**The problem:** In your copy, drop the images and return each record exactly as it stands.

=======

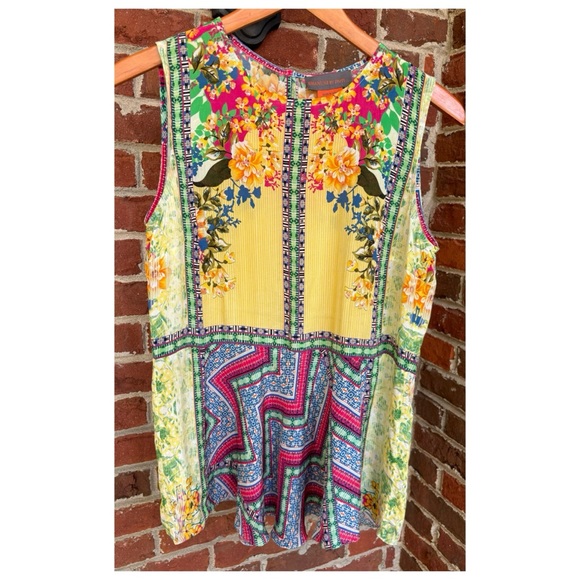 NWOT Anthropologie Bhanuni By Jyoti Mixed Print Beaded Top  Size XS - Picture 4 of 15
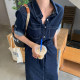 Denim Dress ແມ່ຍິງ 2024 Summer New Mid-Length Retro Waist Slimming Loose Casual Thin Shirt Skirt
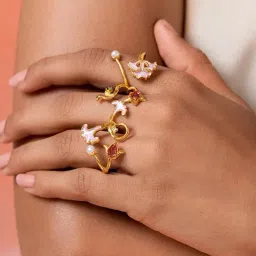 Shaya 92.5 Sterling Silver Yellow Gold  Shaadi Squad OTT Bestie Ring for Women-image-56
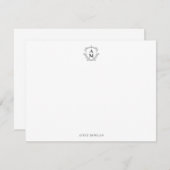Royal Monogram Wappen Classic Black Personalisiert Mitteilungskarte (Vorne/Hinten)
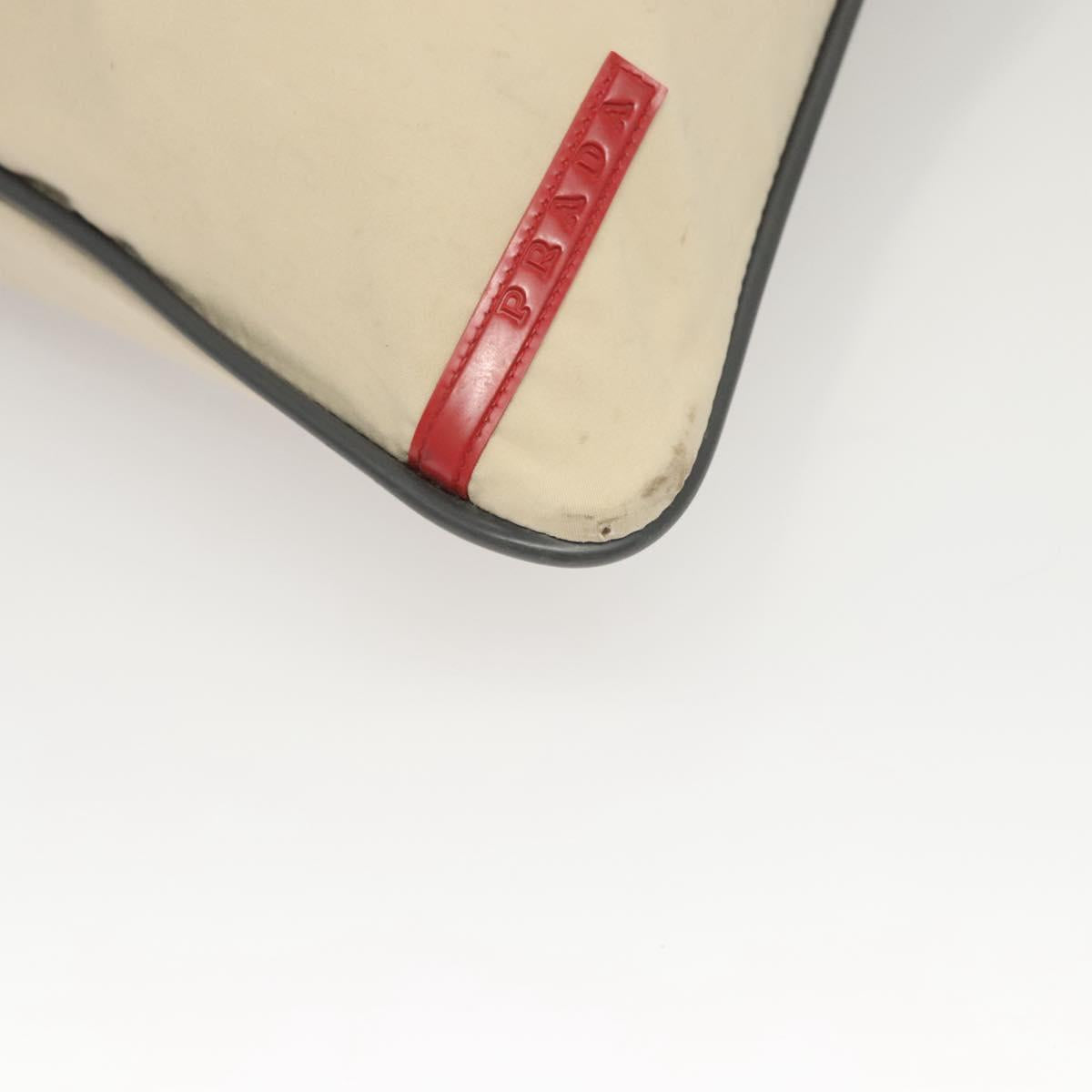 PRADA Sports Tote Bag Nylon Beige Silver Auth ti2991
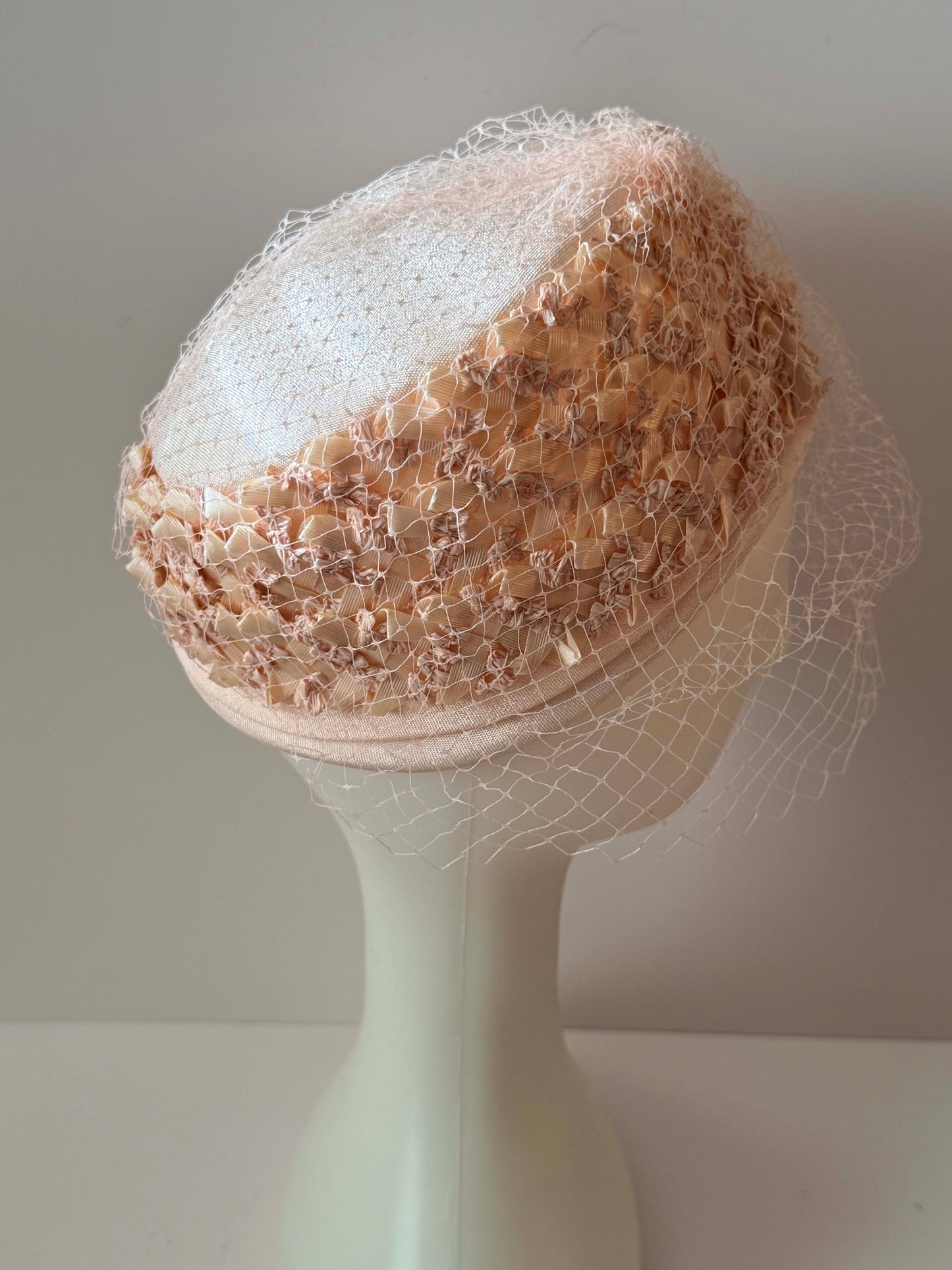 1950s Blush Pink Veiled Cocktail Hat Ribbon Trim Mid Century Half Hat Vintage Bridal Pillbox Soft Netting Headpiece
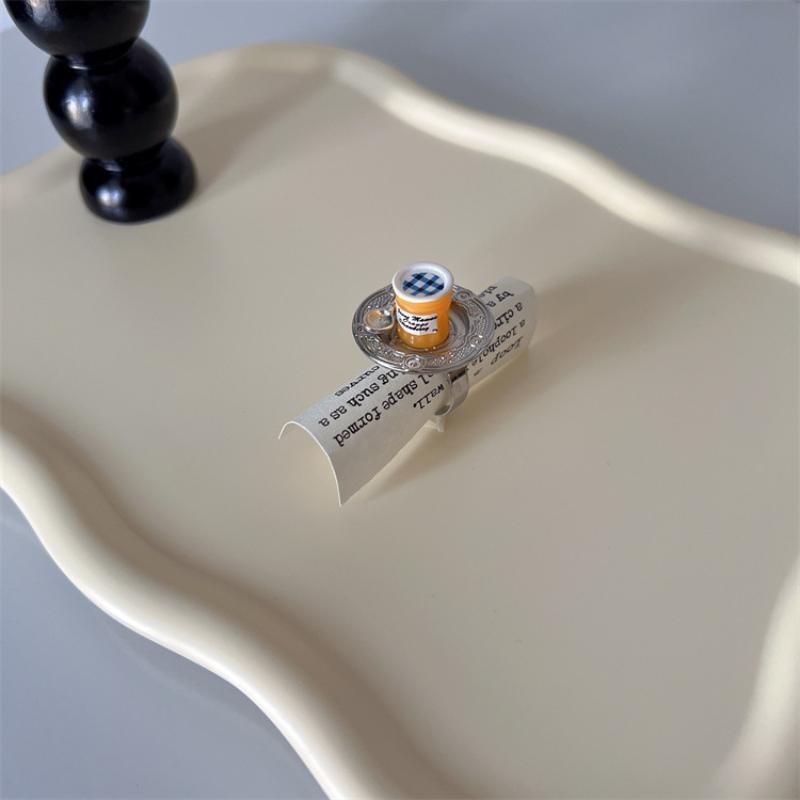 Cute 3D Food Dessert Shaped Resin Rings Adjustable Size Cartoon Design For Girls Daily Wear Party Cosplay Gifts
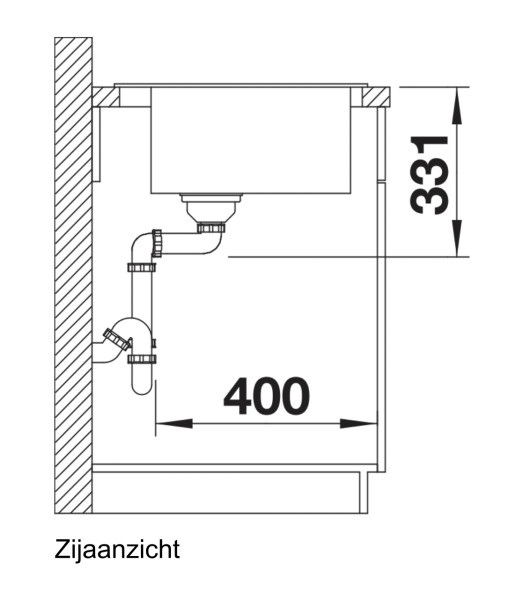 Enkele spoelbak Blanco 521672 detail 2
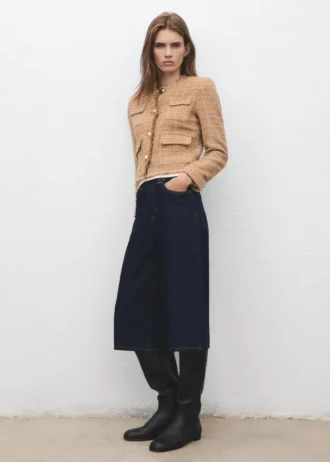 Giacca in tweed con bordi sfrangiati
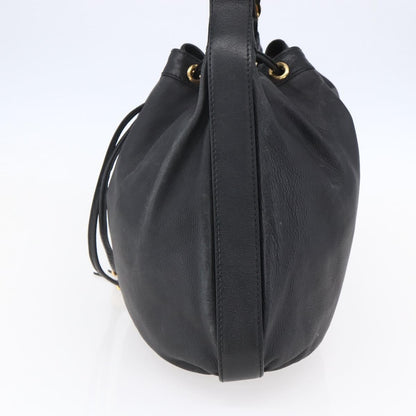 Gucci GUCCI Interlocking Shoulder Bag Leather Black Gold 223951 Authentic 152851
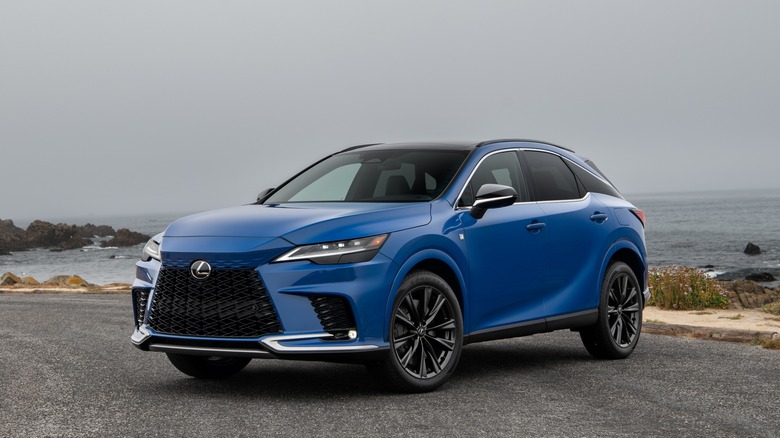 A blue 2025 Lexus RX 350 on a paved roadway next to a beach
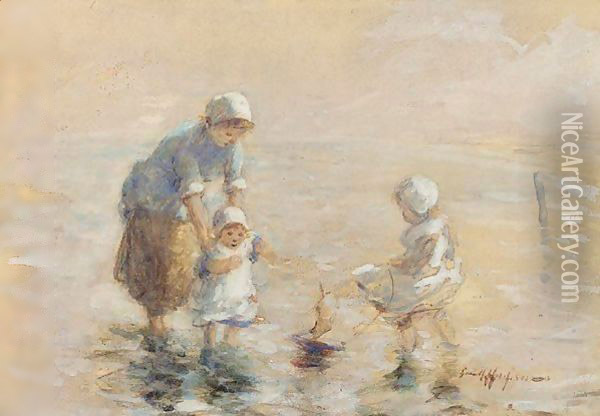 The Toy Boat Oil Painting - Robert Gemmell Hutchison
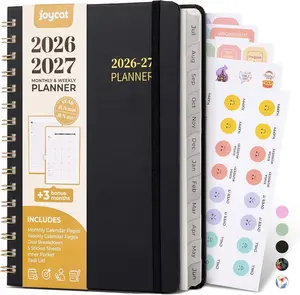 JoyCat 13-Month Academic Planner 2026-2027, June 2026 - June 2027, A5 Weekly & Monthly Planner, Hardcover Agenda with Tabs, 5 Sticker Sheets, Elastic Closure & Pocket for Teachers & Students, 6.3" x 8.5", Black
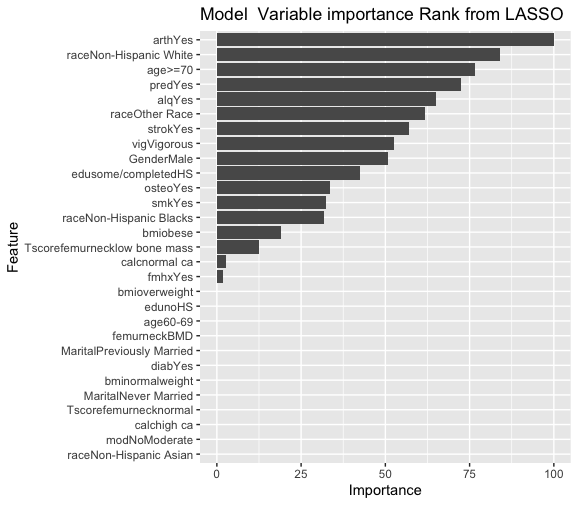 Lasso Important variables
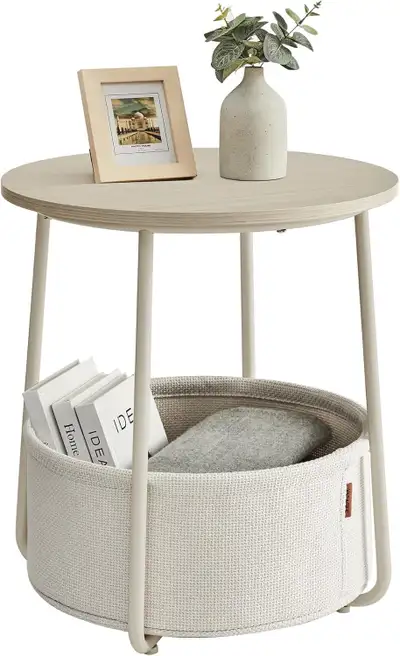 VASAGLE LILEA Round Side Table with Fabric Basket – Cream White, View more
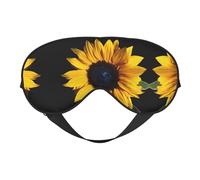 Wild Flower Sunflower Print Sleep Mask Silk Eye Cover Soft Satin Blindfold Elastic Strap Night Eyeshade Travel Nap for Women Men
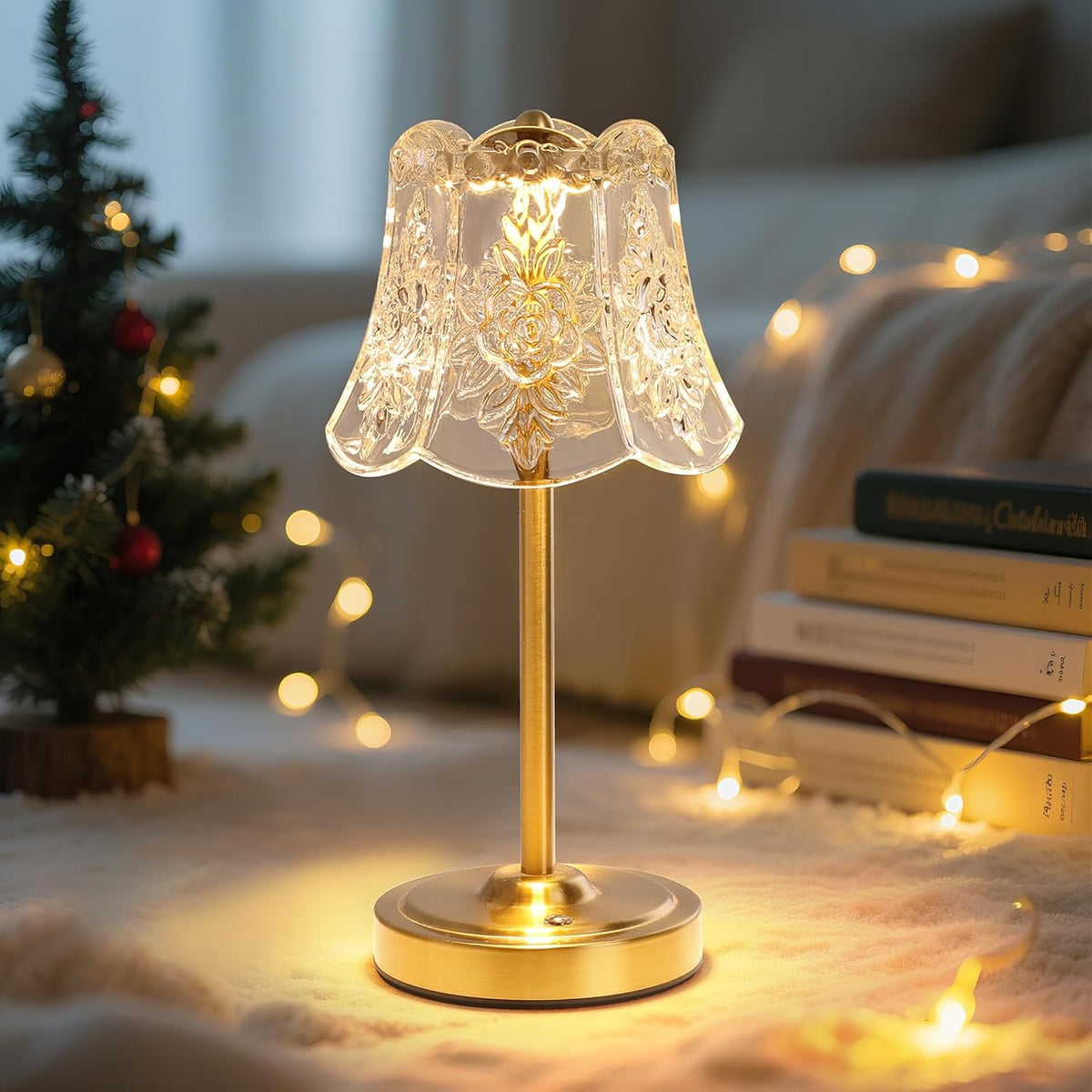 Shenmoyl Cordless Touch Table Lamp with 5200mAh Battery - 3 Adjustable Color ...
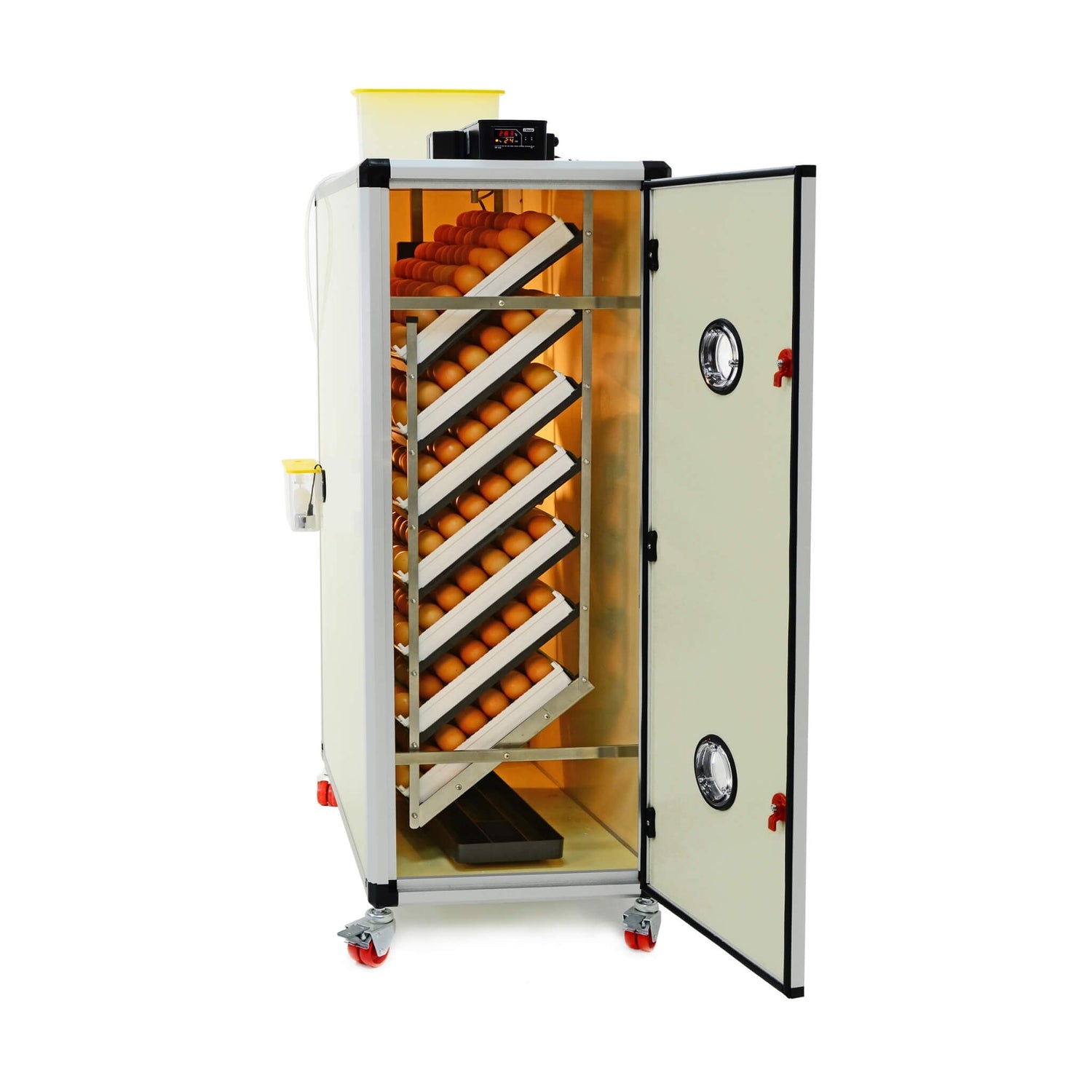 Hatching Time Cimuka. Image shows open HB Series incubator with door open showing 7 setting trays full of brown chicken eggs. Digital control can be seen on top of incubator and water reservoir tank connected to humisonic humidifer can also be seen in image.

=======

**Answer section:**
 NWOT Anthropologie Bhanuni By Jyoti Mixed Print Beaded Top  Size XS - Picture 4 of 15
 Denim Dress ແມ່ຍິງ 2024 Summer New Mid-Length Retro Waist Slimming Loose Casual Thin Shirt Skirt
 Shaya 92.5 Sterling Silver Yellow Gold  Shaadi Squad OTT Bestie Ring for Women-image-56
Royal Monogram Wappen Classic Black Personalisiert Mitteilungskarte (Vorne/Hinten)
 PRADA Sports Tote Bag Nylon Beige Silver Auth ti2991
 1950s Blush Pink Veiled Cocktail Hat Ribbon Trim Mid Century Half Hat Vintage Bridal Pillbox Soft Netting Headpiece
 Cute 3D Food Dessert Shaped Resin Rings Adjustable Size Cartoon Design For Girls Daily Wear Party Cosplay Gifts
 Enkele spoelbak Blanco 521672 detail 2
 Giacca in tweed con bordi sfrangiati
 Gucci GUCCI Interlocking Shoulder Bag Leather Black Gold 223951 Authentic 152851
 A blue 2025 Lexus RX 350 on a paved roadway next to a beach
 The Toy Boat Oil Painting - Robert Gemmell Hutchison
 JoyCat 13-Month Academic Planner 2026-2027, June 2026 - June 2027, A5 Weekly & Monthly Planner, Hardcover Agenda with Tabs, 5 Sticker Sheets, Elastic Closure & Pocket for Teachers & Students, 6.3" x 8.5", Black
 Lasso Important variables
 VASAGLE LILEA Round Side Table with Fabric Basket – Cream White, View more
 Wild Flower Sunflower Print Sleep Mask Silk Eye Cover Soft Satin Blindfold Elastic Strap Night Eyeshade Travel Nap for Women Men
 Shenmoyl Cordless Touch Table Lamp with 5200mAh Battery - 3 Adjustable Color ...
 Hatching Time Cimuka. Image shows open HB Series incubator with door open showing 7 setting trays full of brown chicken eggs. Digital control can be seen on top of incubator and water reservoir tank connected to humisonic humidifer can also be seen in image.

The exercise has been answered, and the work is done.